Essentially this is a bread stick sandwich with the typical Spanish potato omelette. The aspect that makes it different in Valencia is that the bread is liberally spread/loaded with alioli - a garlic mayonnaise which is just perfect for the aforementioned sandwich.
Anywhere in the city of Valencia. My favourite was a bar down one of the side streets near the train station. It was called Bar Turia. Well worthwhile - a good beer with the sandwich dripping garlic at a decent price.
This a typical Valencia dish. It is made of thick noodles, fish, all sorts of prawns and seafood. It is very tasty and rivals the famous paella.
The best place to eat it is in Gandia, a holiday resort 40 miles south of Valencia. Gandia is the hometown of fideua, however you can ask for fideua in nearly every restaurant in Valencia that specialises in seafood.
It may be a Spanish cliché, but you really can’t visit Valencia without eating paella – and, to the region that invented the dish, if you haven’t eaten it here, you haven’t eaten it at all. The authentic version – Paella Valenciana – is with rabbit, chicken, snails, butter beans and broad beans, although veggie-friendly Paella de Verduras is usually available. To Valencians, “paella” anywhere else in Spain is merely rice with meat and vegetables. They border on the fanatical when talking about the hardness of the water required to perfectly cook the rice – which must be grown locally, of course.

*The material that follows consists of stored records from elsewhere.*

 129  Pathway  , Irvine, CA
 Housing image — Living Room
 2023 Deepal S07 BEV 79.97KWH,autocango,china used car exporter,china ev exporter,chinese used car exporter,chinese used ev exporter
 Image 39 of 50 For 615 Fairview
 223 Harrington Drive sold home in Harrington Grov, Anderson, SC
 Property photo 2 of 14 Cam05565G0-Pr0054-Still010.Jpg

But despite this, paella is not a fussy food. It is hearty family lunchtime fare (never make the mistake of eating it at night, except during Fallas) and best enjoyed on a Sunday afternoon, at one of the many paella restaurants that line Las Arenas beach front to the left of the port. Pepica – one of the oldest and best of these – is rumoured to be where Hemingway first sampled the dish. It is usual to order paella between at least two people. You may want to book in advance to make sure of a table.